Lhasa Beer bottles at Rongphu Monastery
On arrival at Rongphu Monastery Guesthouse, a place that receives hundreds of tourists every week during the high season, I was surprised, that even for Tibet, it was so disorganized, so unhygienic, and so limited in it's services. The toilet was the most disgusting in all of Tibet, with a mound of frozen shit piled so high, it came up through the whole in the floor. It was difficult to figure out who you could talk to about getting a room - a room where the wash basins are still full of dirty water and spit and the floors still dirty. The restaurant didn't have a menu, but offered the following dishes: pancake, omelet, fried rice, and noodle soup. There was a shop, but it opened when the guy who ran it happened to show up for five minutes at a time.
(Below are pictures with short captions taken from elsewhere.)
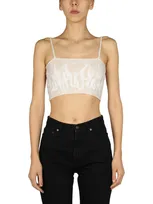 Vision Of Super Pailsey Pattern Crop Top In Pink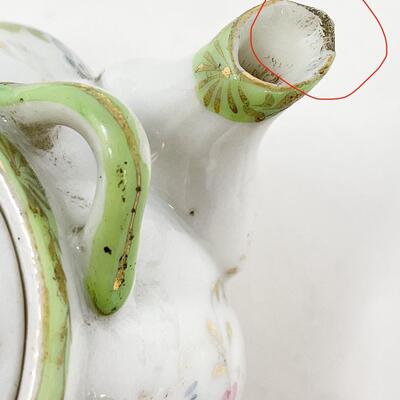 MINI RIBBED FLORAL TEAPOT/CREAMER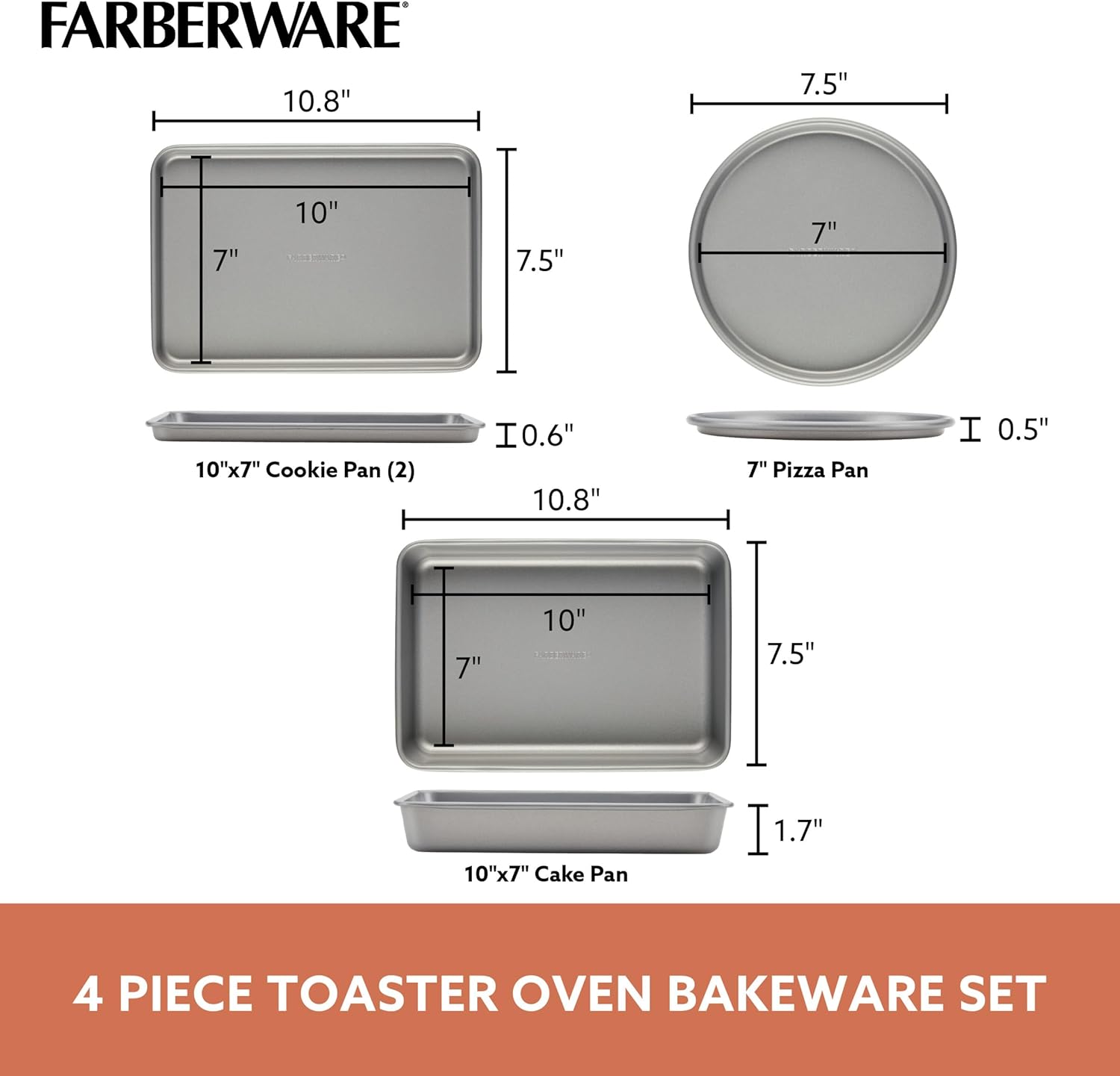 Farberware Bakeware Steel Nonstick Toaster Oven Pan Set, 4-Piece Baking Set, Gray - Image 2
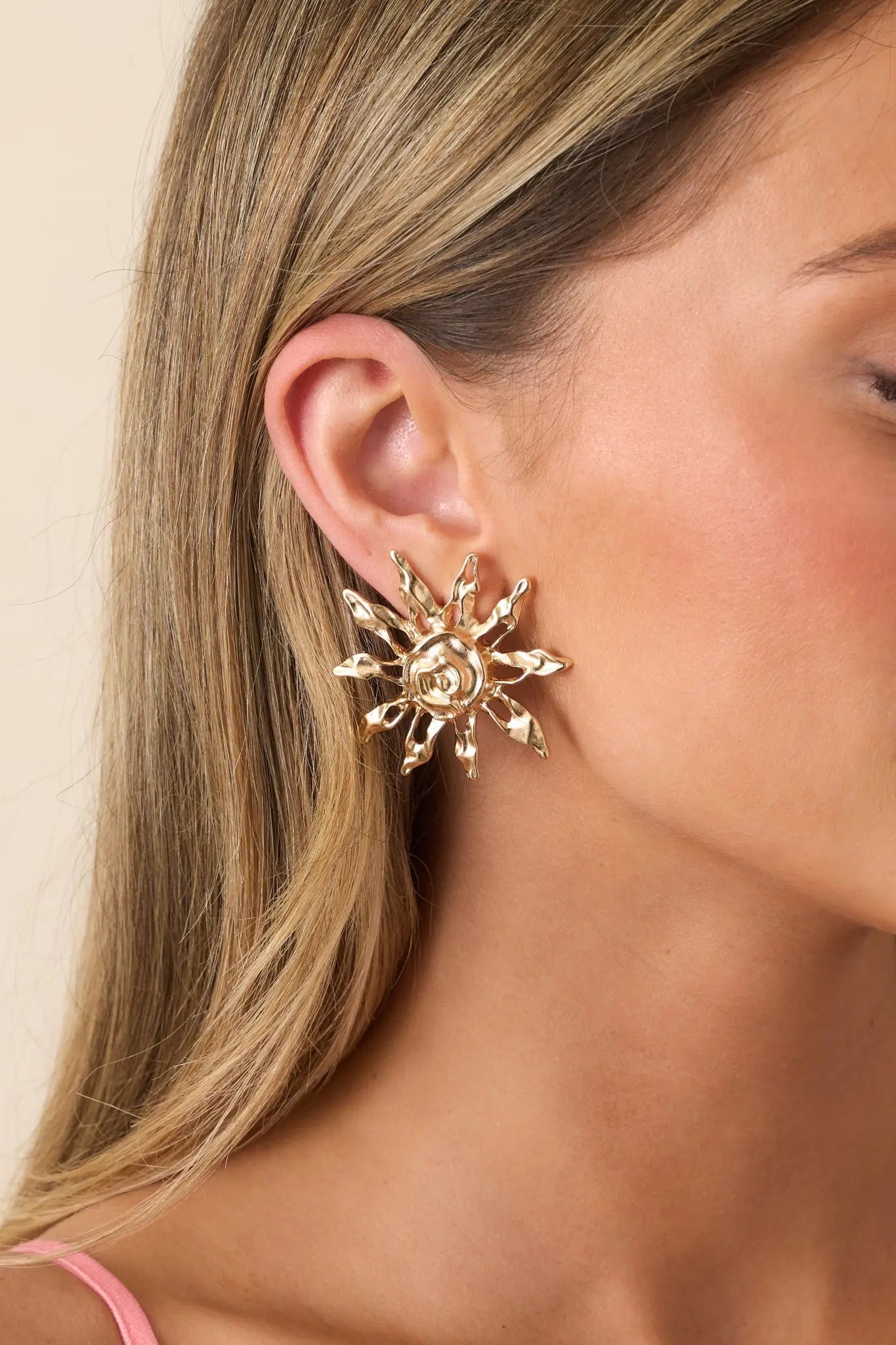 Women's Pure Sunshine Gold Textured Sun Swirl Earring | These Earrings Measure 1.75" in Length 1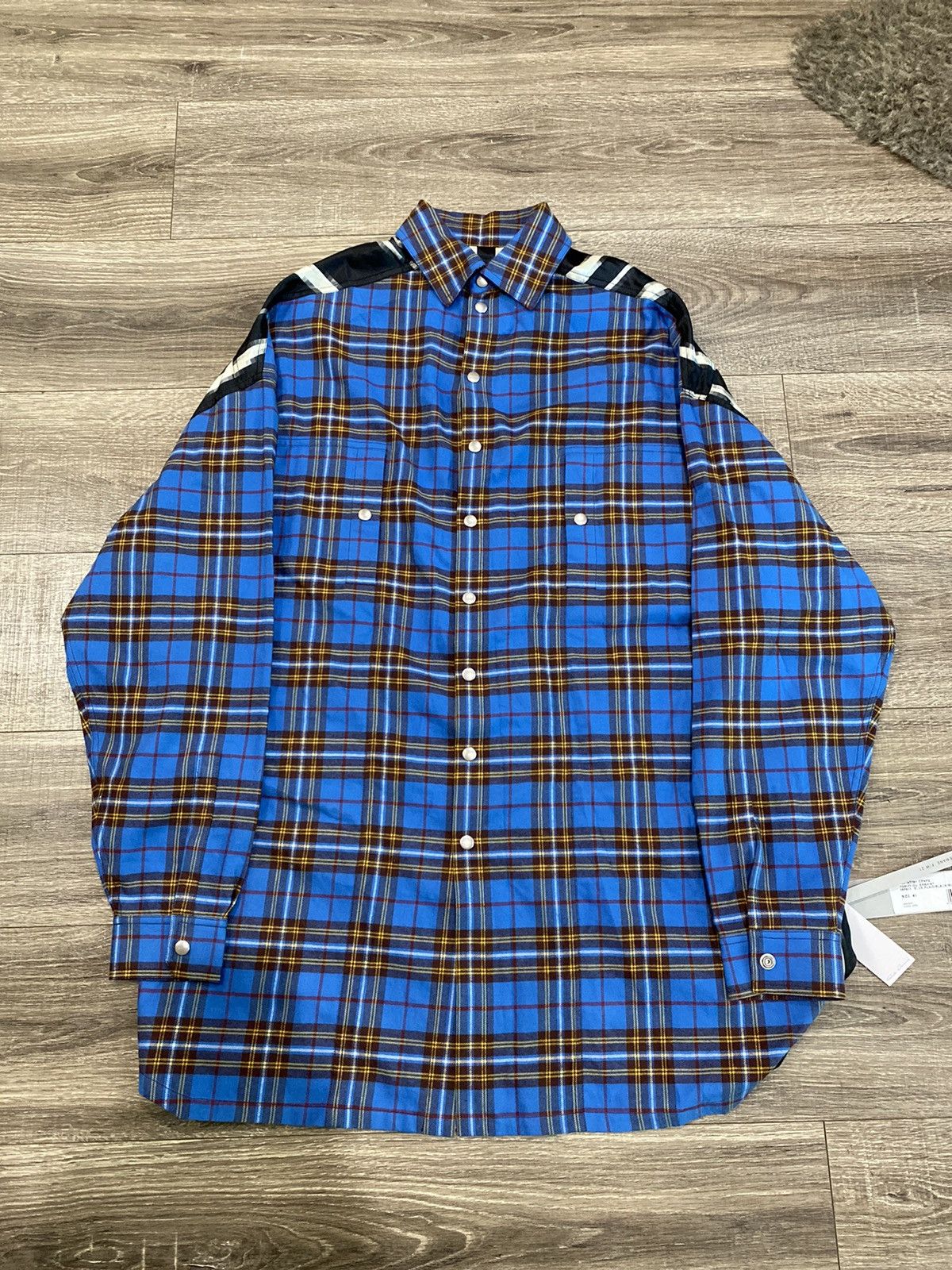 Rick Owens Blue plaid / zebra pixel Tommy overshirt Rick Owens 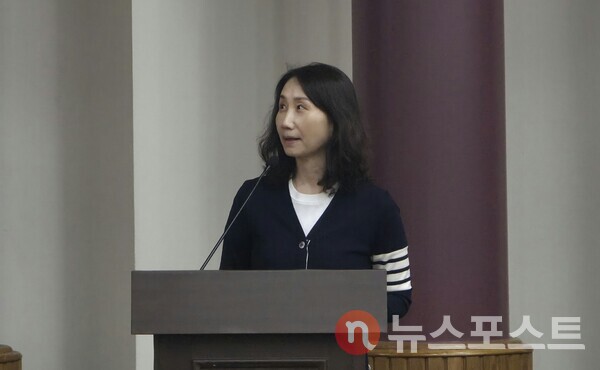 발표하는  임은영 삼성증권 리서치센터 수석연구원. (사진=뉴스포스트 최종원 기자)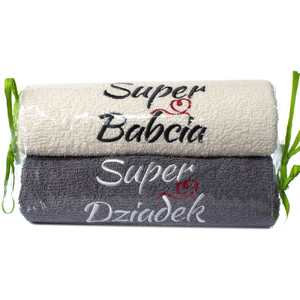 komplet 2 ręczników z haftem "Super Babcia Super Dziadek "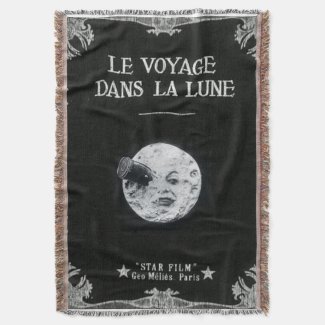 A Trip to the Moon Retro Movie Poster French Throw Blanket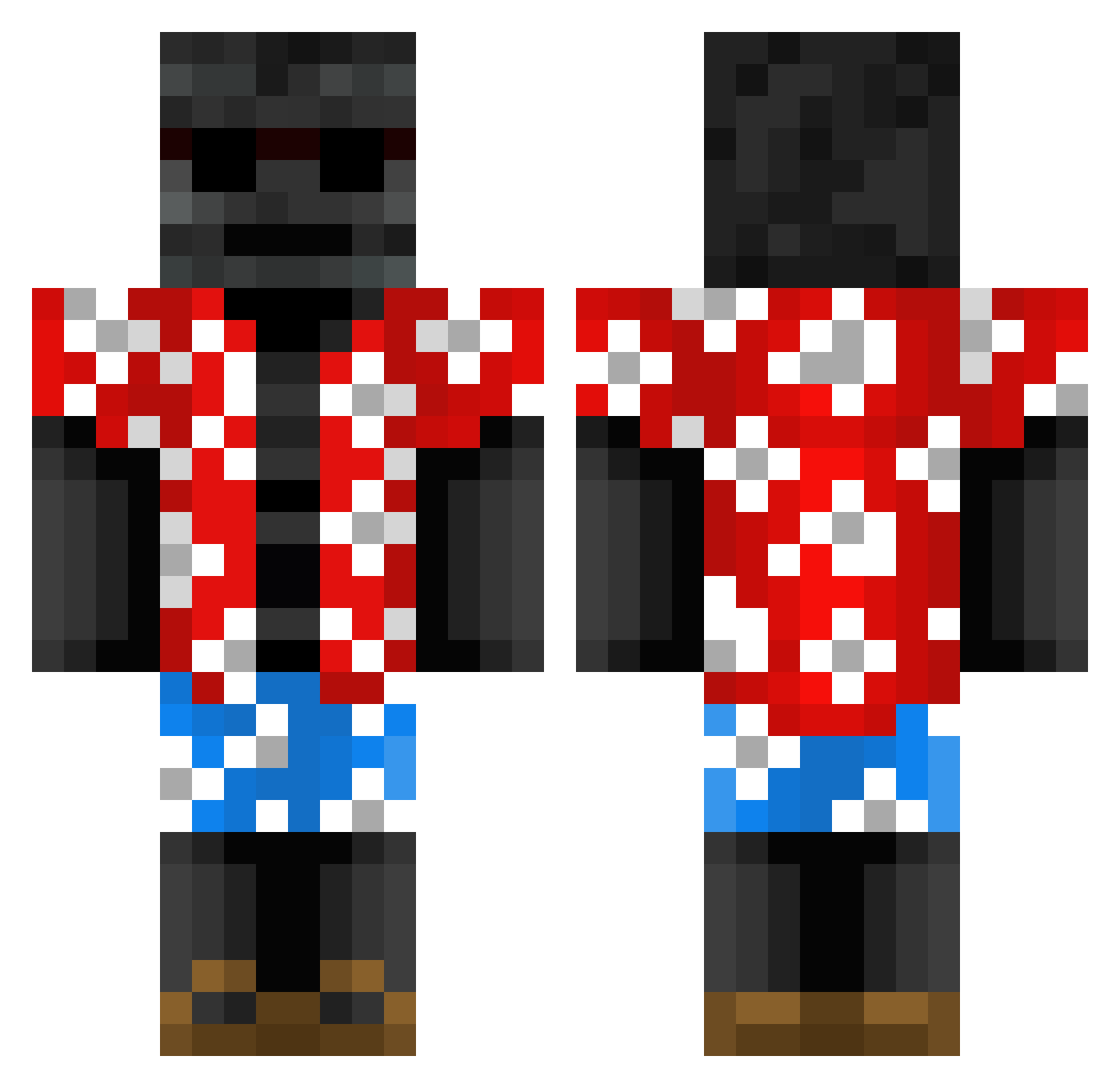 ExploitMaster Minecraft skin, front and back view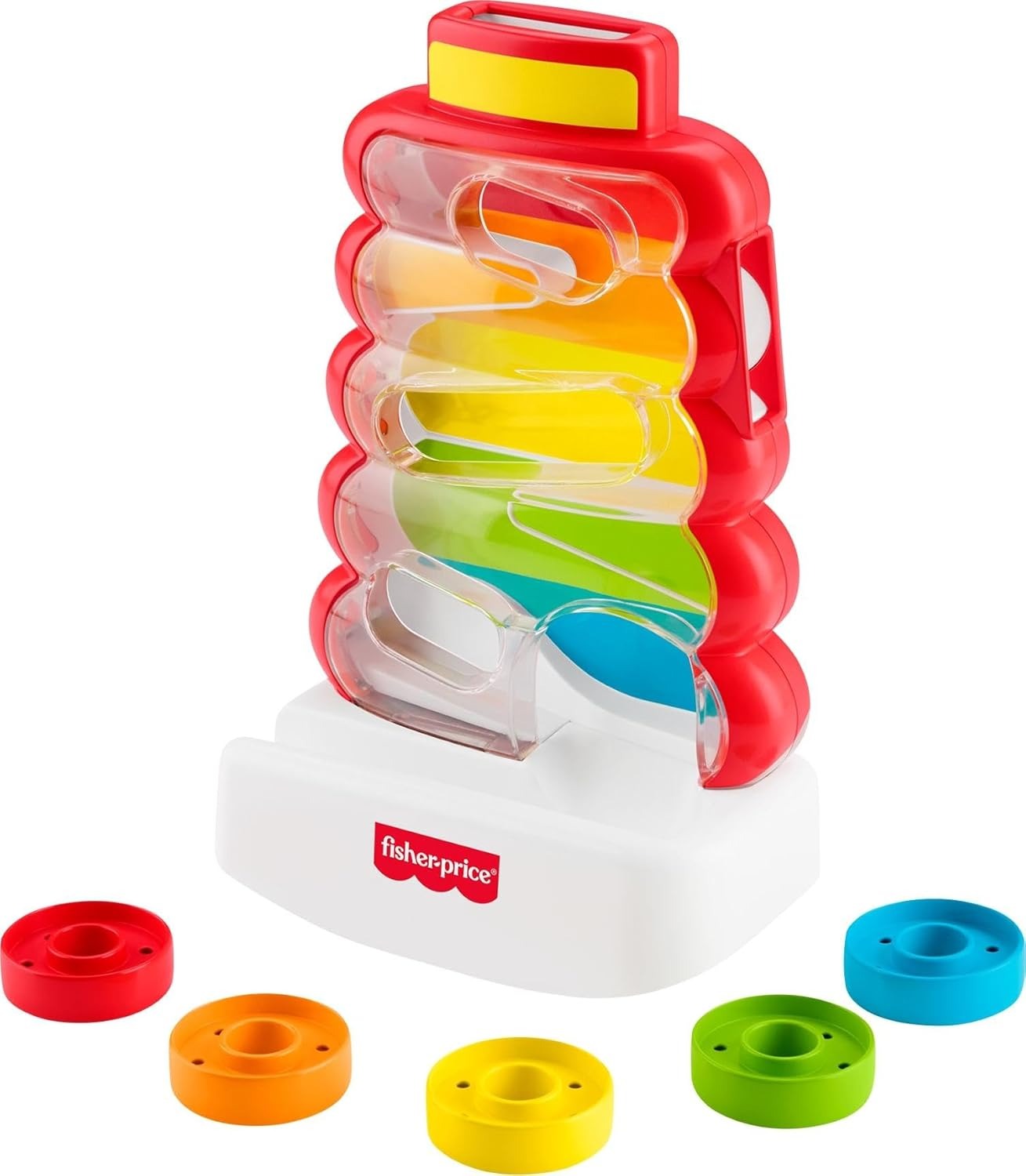 Fisher-Price Baby & Toddler Toy Drop Through Rock-a-Stack, Coin Drop Activity for Developmental Play Infants Ages 9+ Months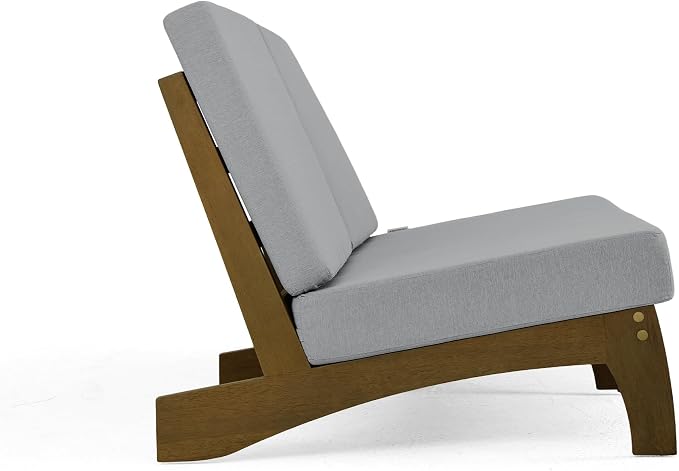 Outdoor Furniture Patio Couch, Weather Resistant 3-Seater Patio Sofa with Removable Cushion, Teak Wood Frame for Porch & Backyard Seating - Grey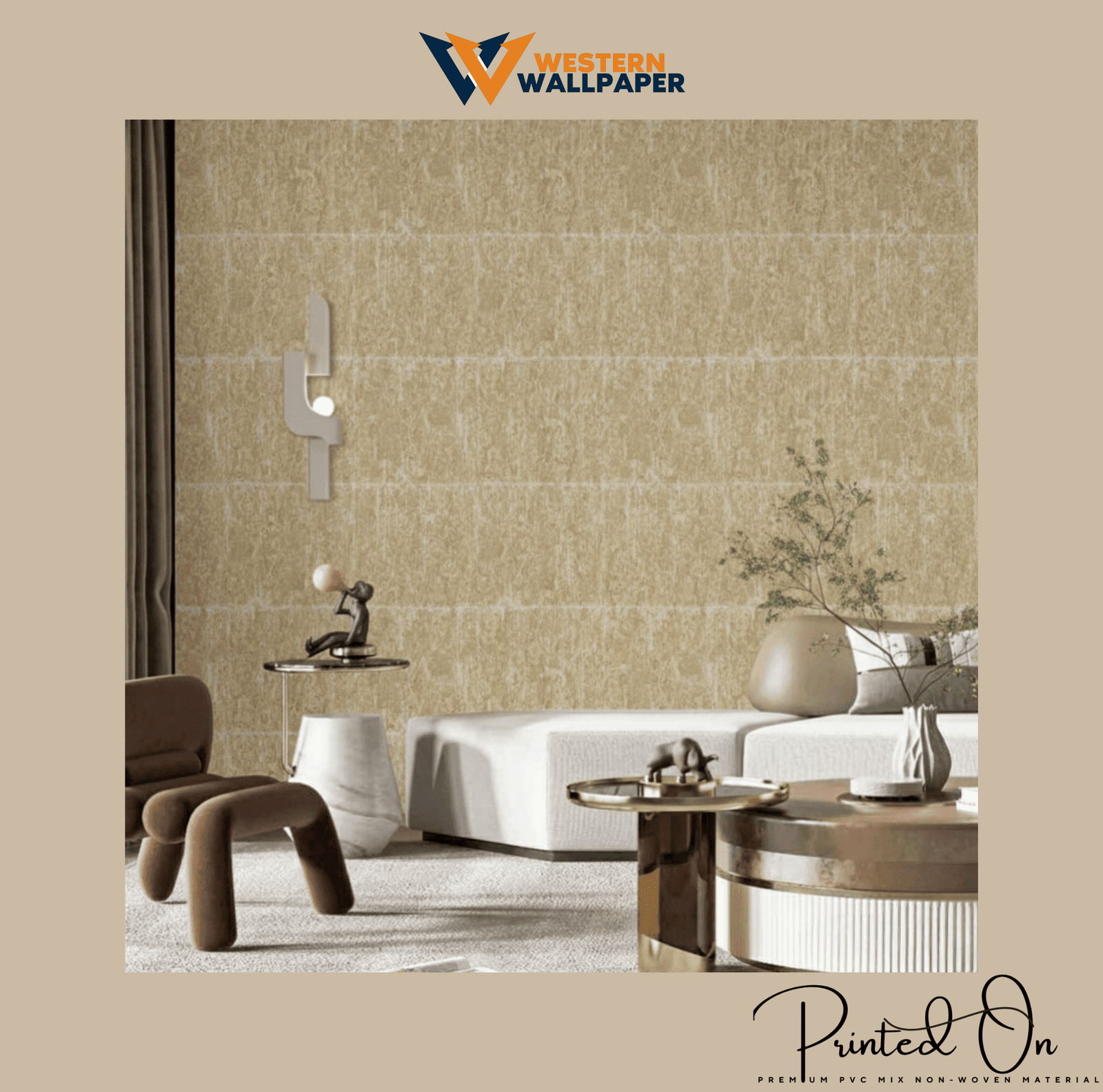 TEXTURED OXIDIZED PLASTER WALLPAPER IN SAND AND GOLD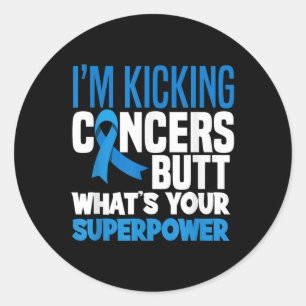 Sticker Rond Vêtements Colorectal de sensibilisation au cancer 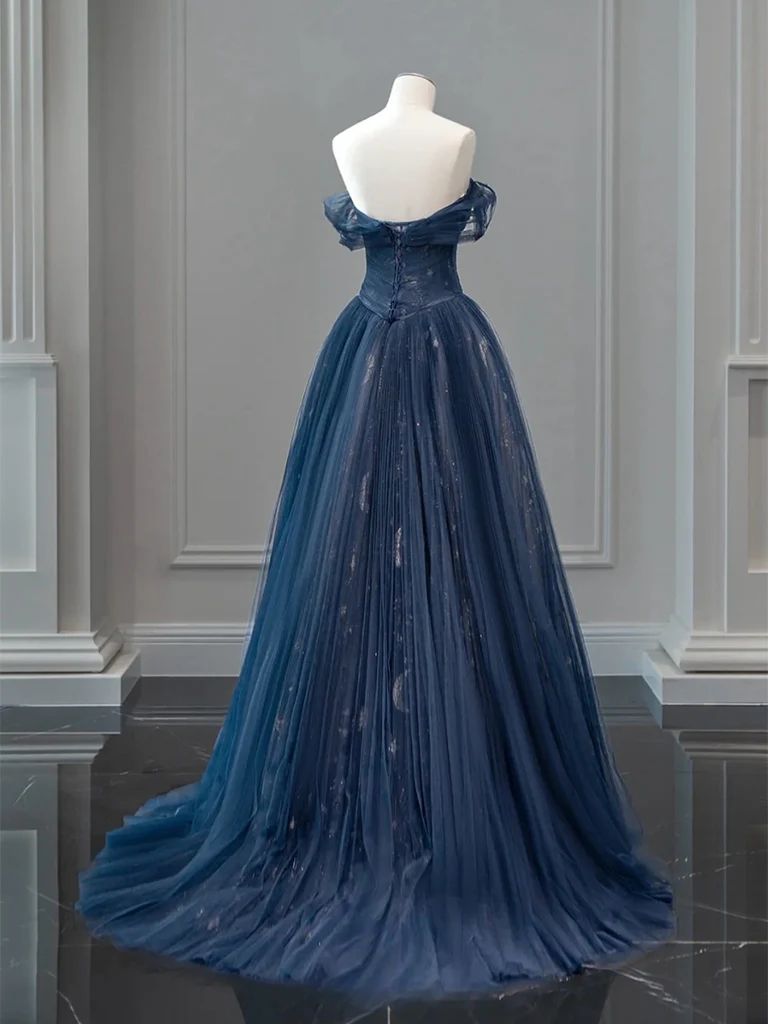 A-Line Off Shoulder Tulle Lace Dark Blue Long Prom Dresses AB693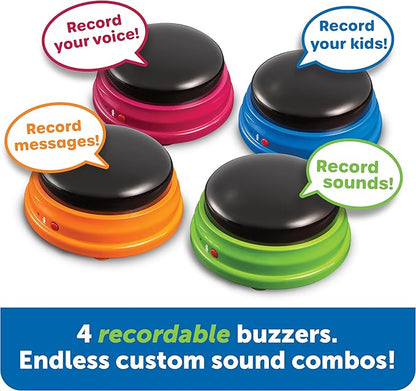 Learning Resources Recordable Answer Buzzers - Classroom Must Haves Supplies, Kids Toys, Sound Effect Button, Family Game Shows For Trivia, Participation Tools Boys and Girls Birthday Gifts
I cleaned the basin with boiled water and a scouring brush, bought a few supplies including a candle from the shop, and had some food before crawling under three comforters in my icebox (a.k.a. my guestroom).
ROAD REPORT - Cycling Day 14
Distance: 21.24 kms
Ride time: 2:58 hours
Avg. speed: 7.22 kph
Max speed: 22.4 kph
Passes: none
Sleeping place: Rongphu (Rongbuk) Monastery Guesthouse, 4825m
Tibet Mileage: 980 km
Worldwide Mileage: 7968 km
Comment: Bumpy uphill ride at elevation. Fantastic Views - ALL the way!!!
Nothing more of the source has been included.